What is being asked — From the line with "Cream And Blue" to the line with "scotch&soda スコッチ&ソーダ メンズ", output every line below exactly, both ends included. Skip the pictures.

Provided data —
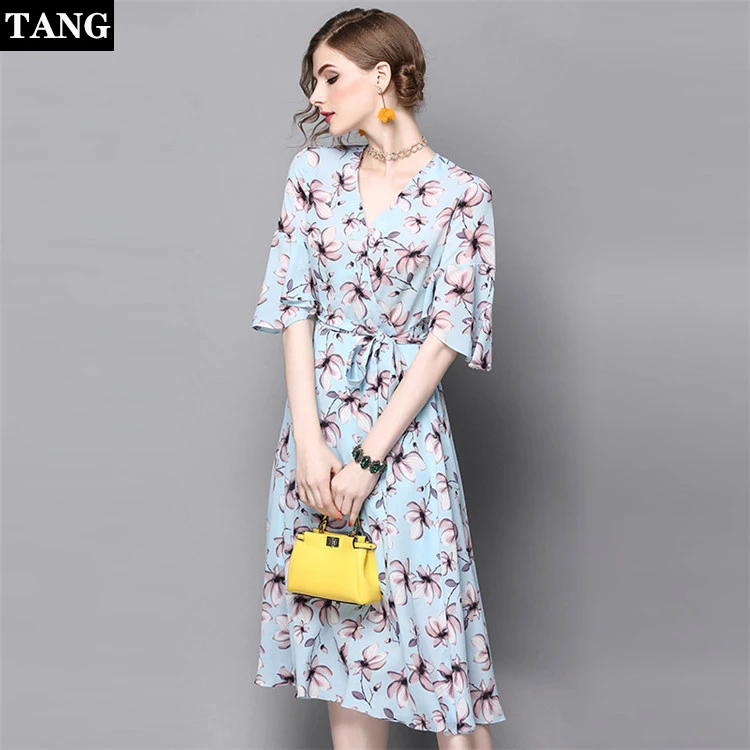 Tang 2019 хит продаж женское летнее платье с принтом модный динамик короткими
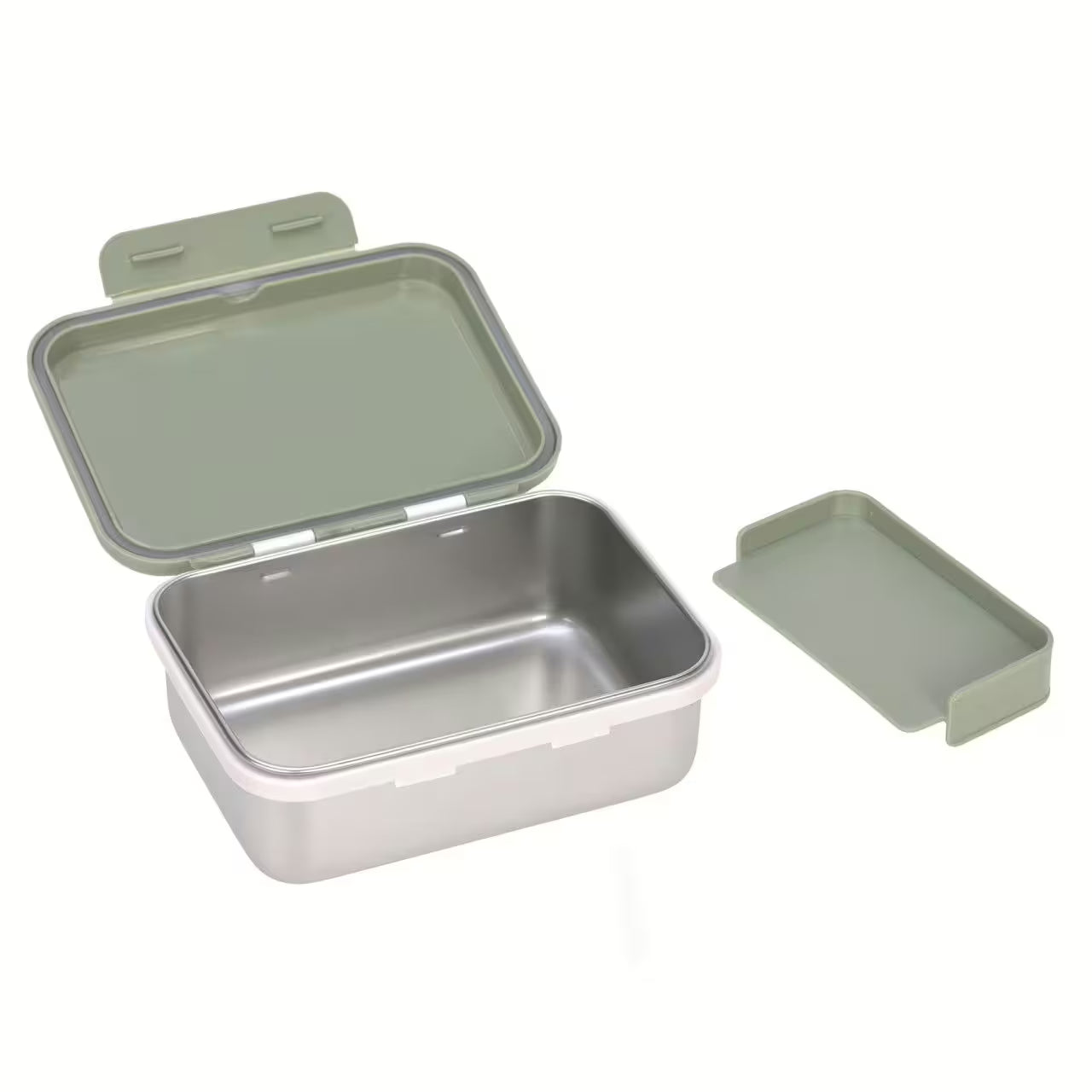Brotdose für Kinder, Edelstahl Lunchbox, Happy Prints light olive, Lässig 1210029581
* * *
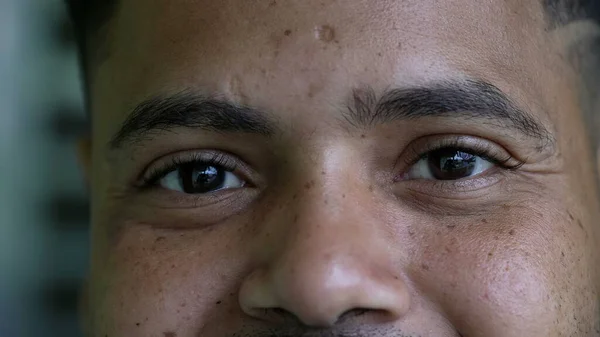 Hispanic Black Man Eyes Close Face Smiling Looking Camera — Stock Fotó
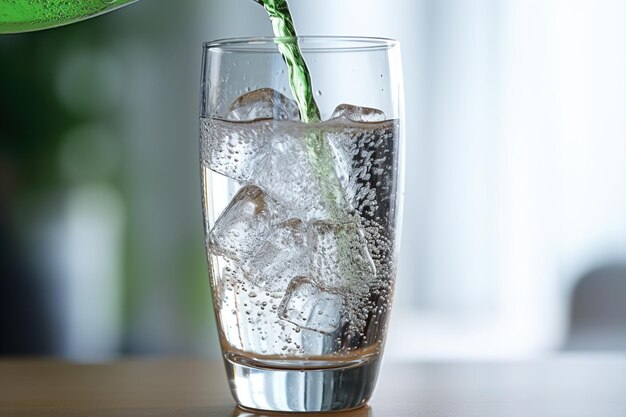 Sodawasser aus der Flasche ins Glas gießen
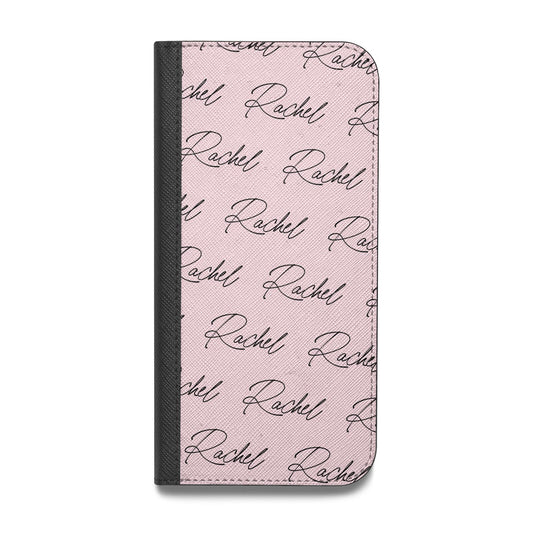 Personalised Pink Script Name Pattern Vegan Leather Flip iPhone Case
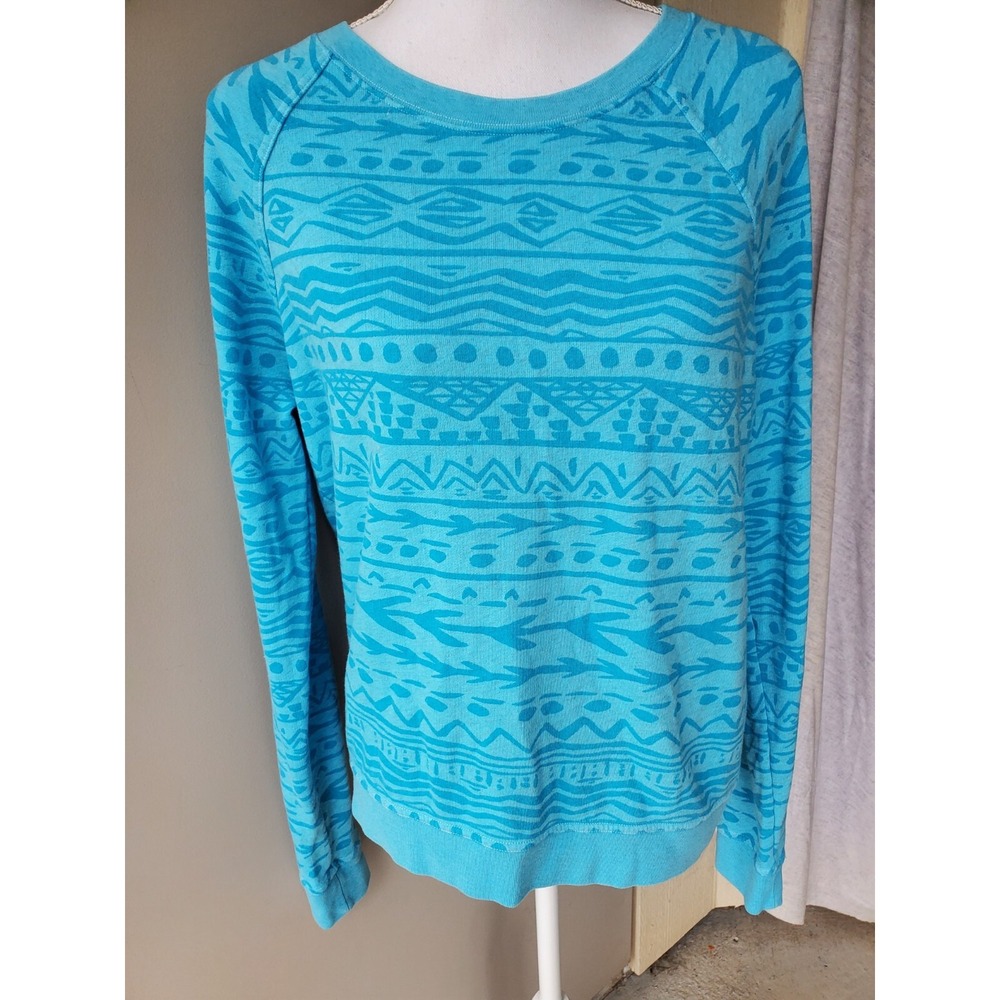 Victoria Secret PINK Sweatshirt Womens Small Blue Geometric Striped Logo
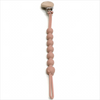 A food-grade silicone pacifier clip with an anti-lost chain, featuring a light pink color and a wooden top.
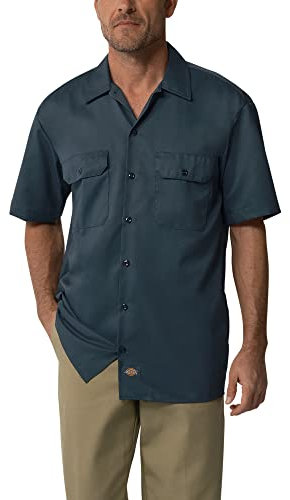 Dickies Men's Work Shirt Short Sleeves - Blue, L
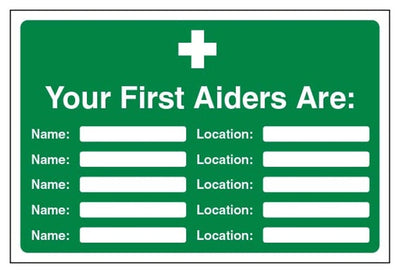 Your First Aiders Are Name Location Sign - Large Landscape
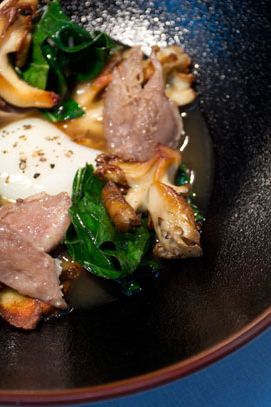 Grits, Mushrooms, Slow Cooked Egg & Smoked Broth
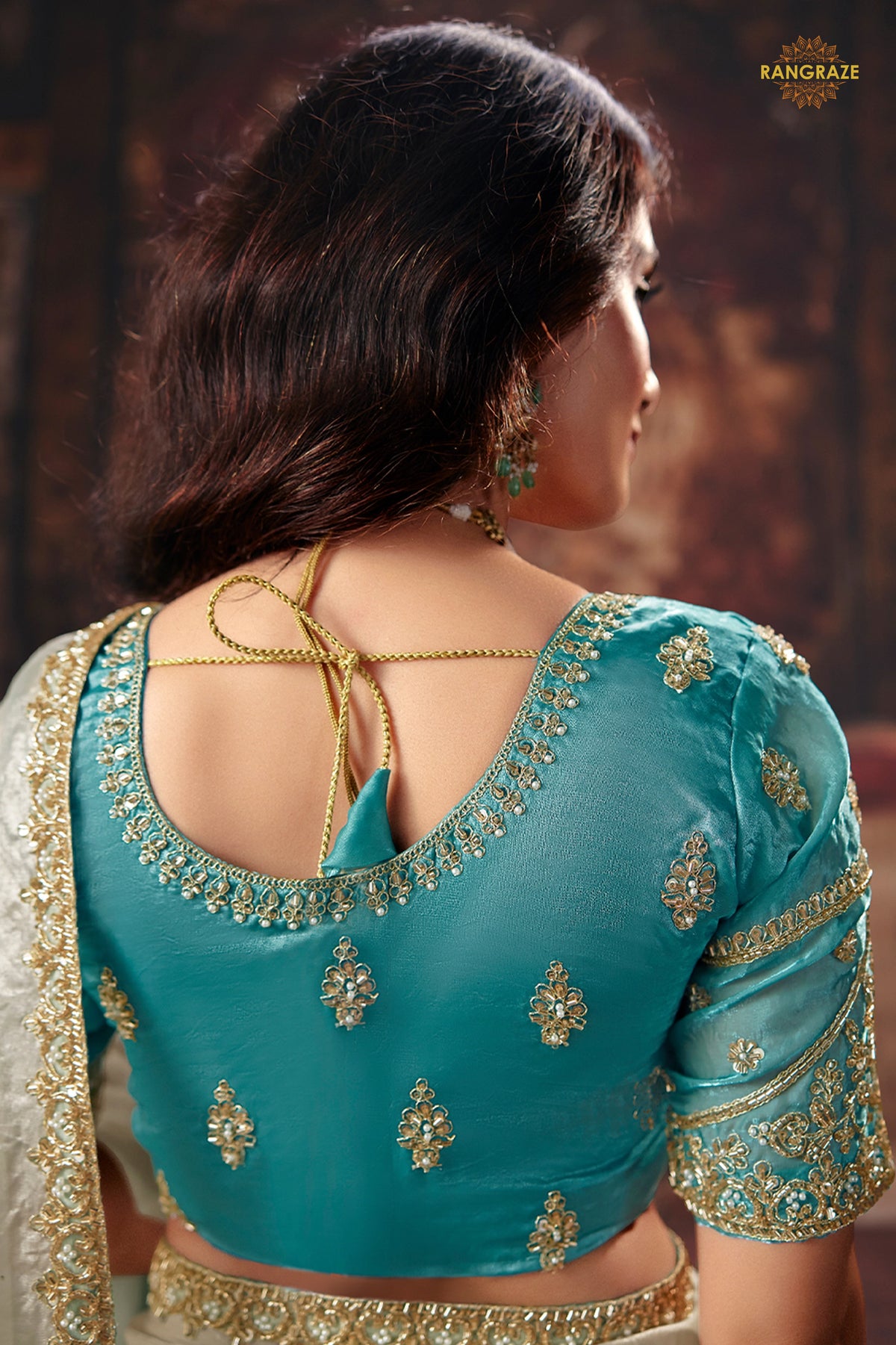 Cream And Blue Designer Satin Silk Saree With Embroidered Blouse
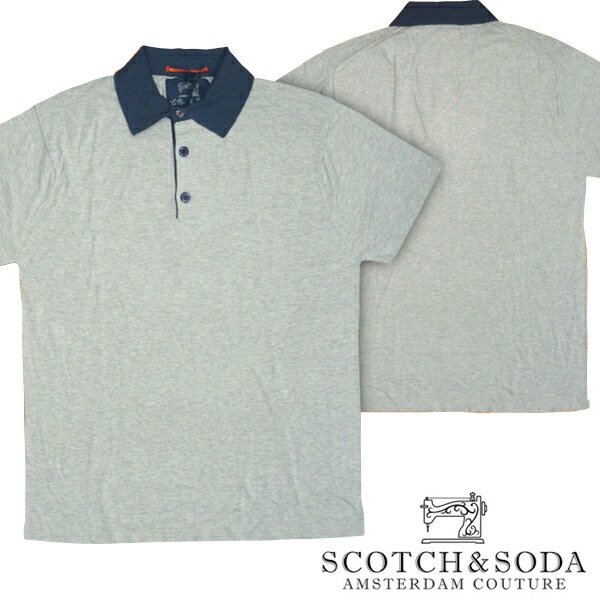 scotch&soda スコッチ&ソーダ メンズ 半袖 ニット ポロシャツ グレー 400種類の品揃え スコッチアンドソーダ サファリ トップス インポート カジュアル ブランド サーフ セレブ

Result —
 Cream And Blue Designer Satin Silk Saree With Embroidered Blouse
 scotch&soda スコッチ&ソーダ メンズ 半袖 ニット ポロシャツ グレー 400種類の品揃え スコッチアンドソーダ サファリ トップス インポート カジュアル ブランド サーフ セレブ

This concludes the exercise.